▶ Work item: Please transcribe the data below exactly. Leave the pictures out.

▶ Data provided:
=== Begin Enclosure ===

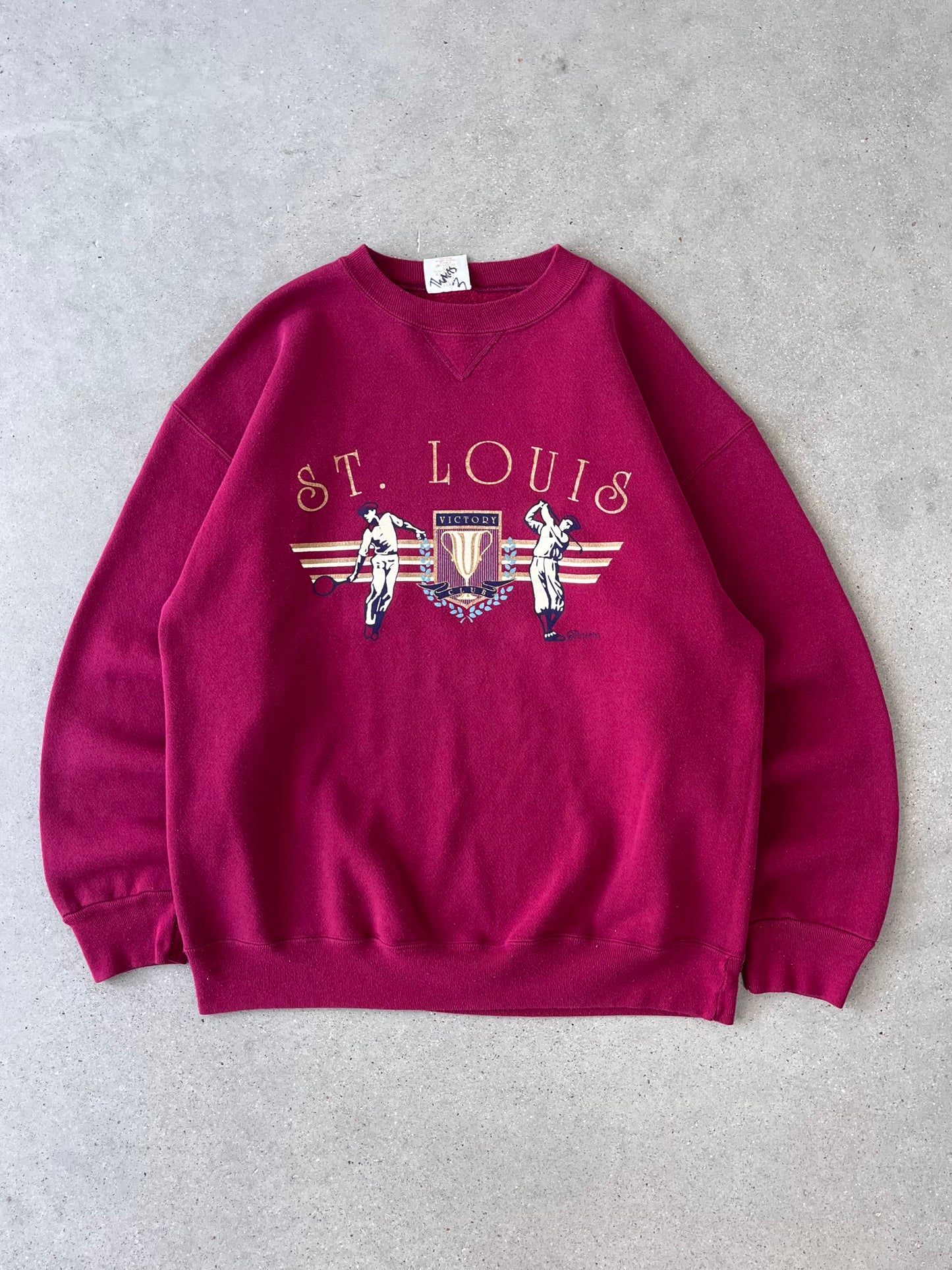 Vintage St. Louis Victory Club Crewneck - XL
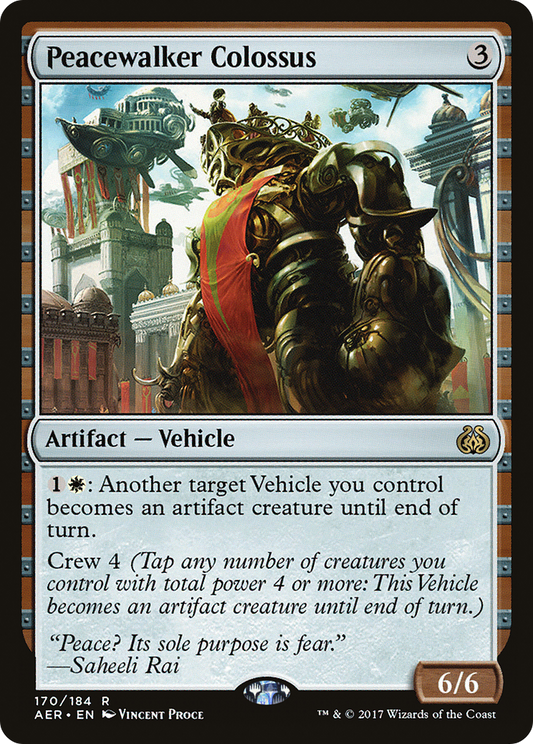 Peacewalker Colossus [Aether Revolt] Foil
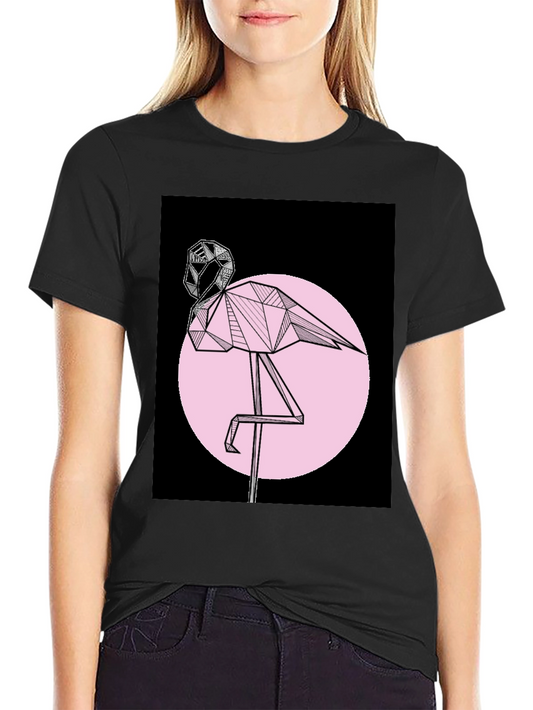 Geometric Flamingo Graphic T-Shirt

=== End Enclosure ===

▶ Worked solution:
 Vintage St. Louis Victory Club Crewneck - XL
 Peacewalker Colossus [Aether Revolt] Foil
 Geometric Flamingo Graphic T-Shirt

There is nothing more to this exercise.